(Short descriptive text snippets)

____

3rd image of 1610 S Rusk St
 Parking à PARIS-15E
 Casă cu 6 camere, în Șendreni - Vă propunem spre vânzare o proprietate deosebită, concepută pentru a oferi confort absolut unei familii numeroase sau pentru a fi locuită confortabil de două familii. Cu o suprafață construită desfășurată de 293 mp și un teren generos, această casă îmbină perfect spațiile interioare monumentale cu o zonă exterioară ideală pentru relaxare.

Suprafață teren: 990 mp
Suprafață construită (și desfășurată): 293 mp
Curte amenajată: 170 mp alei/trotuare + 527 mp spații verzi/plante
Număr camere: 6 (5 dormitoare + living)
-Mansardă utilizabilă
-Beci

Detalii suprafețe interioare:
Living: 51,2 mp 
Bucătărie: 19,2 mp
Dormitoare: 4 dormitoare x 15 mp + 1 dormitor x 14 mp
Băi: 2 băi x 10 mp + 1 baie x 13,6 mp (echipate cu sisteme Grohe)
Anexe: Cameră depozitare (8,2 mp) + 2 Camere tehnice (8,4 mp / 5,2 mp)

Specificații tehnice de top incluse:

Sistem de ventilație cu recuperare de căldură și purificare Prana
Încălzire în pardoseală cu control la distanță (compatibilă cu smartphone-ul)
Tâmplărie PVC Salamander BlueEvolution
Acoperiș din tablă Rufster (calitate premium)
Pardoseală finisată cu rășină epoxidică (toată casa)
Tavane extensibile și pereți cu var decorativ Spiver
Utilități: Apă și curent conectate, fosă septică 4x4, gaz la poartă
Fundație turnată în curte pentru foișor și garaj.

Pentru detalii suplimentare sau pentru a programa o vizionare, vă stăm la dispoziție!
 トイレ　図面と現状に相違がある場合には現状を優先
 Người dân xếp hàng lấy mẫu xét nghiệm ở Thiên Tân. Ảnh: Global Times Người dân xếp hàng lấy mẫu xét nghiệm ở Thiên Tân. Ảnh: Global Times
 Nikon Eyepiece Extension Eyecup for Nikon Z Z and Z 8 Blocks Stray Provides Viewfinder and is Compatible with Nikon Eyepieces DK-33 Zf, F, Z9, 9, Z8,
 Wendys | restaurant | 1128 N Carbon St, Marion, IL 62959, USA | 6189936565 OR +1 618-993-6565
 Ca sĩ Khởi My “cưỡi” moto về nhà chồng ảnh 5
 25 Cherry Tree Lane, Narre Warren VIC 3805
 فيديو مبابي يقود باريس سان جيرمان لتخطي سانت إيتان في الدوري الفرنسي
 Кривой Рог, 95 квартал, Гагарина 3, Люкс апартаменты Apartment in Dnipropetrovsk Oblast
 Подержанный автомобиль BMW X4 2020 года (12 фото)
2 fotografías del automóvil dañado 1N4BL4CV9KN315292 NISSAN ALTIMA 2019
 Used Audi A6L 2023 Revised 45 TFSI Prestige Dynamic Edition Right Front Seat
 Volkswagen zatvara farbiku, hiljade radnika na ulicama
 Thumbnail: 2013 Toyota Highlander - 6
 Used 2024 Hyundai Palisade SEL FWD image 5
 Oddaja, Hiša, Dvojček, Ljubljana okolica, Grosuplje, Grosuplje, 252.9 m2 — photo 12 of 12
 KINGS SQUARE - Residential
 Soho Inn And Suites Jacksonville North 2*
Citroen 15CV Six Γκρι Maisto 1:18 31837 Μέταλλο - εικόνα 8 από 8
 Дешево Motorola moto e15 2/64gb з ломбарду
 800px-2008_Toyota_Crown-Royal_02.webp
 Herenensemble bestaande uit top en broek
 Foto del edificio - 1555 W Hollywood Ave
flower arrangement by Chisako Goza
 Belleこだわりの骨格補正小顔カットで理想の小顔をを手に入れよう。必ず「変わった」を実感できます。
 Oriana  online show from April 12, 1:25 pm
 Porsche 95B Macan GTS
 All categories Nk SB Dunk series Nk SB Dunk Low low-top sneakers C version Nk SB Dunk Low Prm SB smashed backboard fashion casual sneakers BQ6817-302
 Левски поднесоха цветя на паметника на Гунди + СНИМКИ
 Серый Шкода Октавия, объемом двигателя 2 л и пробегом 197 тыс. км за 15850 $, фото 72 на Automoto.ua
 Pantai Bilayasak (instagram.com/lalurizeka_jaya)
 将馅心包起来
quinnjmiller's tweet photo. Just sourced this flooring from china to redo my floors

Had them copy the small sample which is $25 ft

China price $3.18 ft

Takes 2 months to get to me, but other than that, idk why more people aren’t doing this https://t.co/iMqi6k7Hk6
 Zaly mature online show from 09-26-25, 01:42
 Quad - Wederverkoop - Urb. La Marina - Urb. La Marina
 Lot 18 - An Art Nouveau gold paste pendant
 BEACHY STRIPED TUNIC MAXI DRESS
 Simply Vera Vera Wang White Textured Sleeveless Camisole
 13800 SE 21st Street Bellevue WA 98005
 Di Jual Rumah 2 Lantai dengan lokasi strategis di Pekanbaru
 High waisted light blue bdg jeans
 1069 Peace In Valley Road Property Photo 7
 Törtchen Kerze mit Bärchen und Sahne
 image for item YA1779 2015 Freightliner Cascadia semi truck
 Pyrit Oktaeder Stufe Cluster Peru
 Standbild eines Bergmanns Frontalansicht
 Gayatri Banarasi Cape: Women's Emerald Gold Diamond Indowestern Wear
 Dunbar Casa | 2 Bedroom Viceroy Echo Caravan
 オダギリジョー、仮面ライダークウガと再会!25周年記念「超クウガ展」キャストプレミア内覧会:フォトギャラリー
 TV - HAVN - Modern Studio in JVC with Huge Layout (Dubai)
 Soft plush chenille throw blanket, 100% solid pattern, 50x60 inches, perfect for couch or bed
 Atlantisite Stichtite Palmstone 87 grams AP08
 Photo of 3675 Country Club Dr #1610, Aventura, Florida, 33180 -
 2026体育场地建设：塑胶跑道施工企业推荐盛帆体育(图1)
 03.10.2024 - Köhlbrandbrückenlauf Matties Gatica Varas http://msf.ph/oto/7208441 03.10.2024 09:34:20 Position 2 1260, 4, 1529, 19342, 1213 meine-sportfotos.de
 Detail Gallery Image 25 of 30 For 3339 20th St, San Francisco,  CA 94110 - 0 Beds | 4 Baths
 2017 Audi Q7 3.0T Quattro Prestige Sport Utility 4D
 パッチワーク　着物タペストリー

____

Using the entries above, repeat only the lines from the one containing "flower arrangement by Chisako Goza" through the one containing "China price $3.18 ft", end lines included.

#### [Task result]
flower arrangement by Chisako Goza
 Belleこだわりの骨格補正小顔カットで理想の小顔をを手に入れよう。必ず「変わった」を実感できます。
 Oriana  online show from April 12, 1:25 pm
 Porsche 95B Macan GTS
 All categories Nk SB Dunk series Nk SB Dunk Low low-top sneakers C version Nk SB Dunk Low Prm SB smashed backboard fashion casual sneakers BQ6817-302
 Левски поднесоха цветя на паметника на Гунди + СНИМКИ
 Серый Шкода Октавия, объемом двигателя 2 л и пробегом 197 тыс. км за 15850 $, фото 72 на Automoto.ua
 Pantai Bilayasak (instagram.com/lalurizeka_jaya)
 将馅心包起来
quinnjmiller's tweet photo. Just sourced this flooring from china to redo my floors

Had them copy the small sample which is $25 ft

China price $3.18 ft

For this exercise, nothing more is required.